LA DÉMOCRATIE À L’ÉPREUVE DU PIRE

Ce rapport exceptionnel au langage dans la pratique quotidienne de la politique parlementaire de l’époque apparaissait notamment dans le brio de ses mots d’esprit, qu’il semait comme des clous sous les pieds de ses concurrents et rivaux (cf. le recueil des « sautes d’humour de Winston Churchill » dans la Petite Biblio Payot) ; quand la très germanophile Nancy Astor le charge : « Si j’étais votre femme, je mettrais du poison dans votre café. », il lui rétorque : « Si j’étais votre mari, je le boirais. »Ou encore à propos du travailliste Clement Attlee : « Un taxi vide arriva au 10, Downing Street, et quand on ouvrit la portière, Attlee en descendit… »

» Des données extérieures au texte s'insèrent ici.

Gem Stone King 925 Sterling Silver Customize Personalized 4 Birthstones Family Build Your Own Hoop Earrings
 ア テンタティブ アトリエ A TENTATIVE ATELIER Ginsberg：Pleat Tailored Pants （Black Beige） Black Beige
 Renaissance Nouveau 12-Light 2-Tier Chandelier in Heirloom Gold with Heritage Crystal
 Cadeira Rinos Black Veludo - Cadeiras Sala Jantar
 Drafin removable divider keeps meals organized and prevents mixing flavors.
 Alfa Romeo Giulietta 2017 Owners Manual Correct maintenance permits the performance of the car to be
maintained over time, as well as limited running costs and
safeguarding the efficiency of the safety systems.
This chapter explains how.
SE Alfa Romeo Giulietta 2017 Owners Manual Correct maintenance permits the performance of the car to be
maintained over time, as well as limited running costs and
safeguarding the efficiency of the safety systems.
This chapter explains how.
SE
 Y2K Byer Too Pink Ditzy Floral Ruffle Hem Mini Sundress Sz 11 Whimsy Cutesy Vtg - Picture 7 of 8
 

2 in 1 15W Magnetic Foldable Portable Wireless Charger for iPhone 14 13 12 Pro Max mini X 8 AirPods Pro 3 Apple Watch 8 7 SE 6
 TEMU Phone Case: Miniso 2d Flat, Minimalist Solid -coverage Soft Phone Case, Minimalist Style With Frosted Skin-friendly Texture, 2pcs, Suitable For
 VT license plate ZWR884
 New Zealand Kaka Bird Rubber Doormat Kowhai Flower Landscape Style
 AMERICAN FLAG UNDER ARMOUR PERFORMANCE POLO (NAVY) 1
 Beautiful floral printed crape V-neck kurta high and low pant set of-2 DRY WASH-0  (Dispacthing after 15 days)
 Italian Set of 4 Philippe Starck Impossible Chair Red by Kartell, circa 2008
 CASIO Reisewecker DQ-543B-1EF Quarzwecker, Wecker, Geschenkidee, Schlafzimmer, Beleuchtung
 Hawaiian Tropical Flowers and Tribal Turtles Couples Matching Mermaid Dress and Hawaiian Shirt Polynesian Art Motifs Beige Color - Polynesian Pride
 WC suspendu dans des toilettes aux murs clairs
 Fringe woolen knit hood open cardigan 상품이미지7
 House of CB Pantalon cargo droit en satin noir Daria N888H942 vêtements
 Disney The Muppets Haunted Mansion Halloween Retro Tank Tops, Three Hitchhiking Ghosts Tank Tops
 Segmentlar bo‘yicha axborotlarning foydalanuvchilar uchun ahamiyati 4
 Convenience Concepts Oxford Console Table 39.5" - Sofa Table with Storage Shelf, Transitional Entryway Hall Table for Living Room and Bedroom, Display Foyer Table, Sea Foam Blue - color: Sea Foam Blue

Dans cette technique du mot d’esprit celui qui le produit fait entendre sous l’énoncé conscient une énonciation inconsciente lourde d’un vœu agressif qui déconsidère la personne prise pour cible à l’intention de témoins représentant l’Autre social et du langage. Quant à sa conception de la démocratie elle était sans idéalisation excessive : « Personne ne prétend que la démocratie soit parfaite ou infaillible. Pour certains, c’est même la pire forme de gouvernement si l’on excepte toutes les autres formes à avoir été essayées. » L’action et le rôle de Churchill se situent justement à l’acmé de la crise des démocraties qui avaient rencontré deux écueils : le colonialisme et l’émergence des totalitarismes en Allemagne et en Italie.

L’HOMME DE VÉRITÉ

Dans sa lutte contre le nazisme, pouvoir biosécuritaire aurait dit Foucault, parce qu’il persécutait et exterminait au nom du « Souverain Bien » d’une soi-disant élite raciale de pureté « aryenne » et germanophone des millions d’Européens au motif qu’ils étaient juifs, opposants politiques, tziganes, slaves ou homosexuels (c’est à un mécanisme similaire auquel à recours aujourd’hui Poutine dans la guerre en Ukraine en invoquant la préservation de la Sainte Russie russophone), l’arme de Churchill fut la parole de vérité à son peuple (« les larmes et le sang… » au nom de la liberté) contre le mensonge systématique des nazis notamment lorsqu’ils décidèrent lors de la conférence secrète de Wansee (20 janvier 1942) la « solution finale ».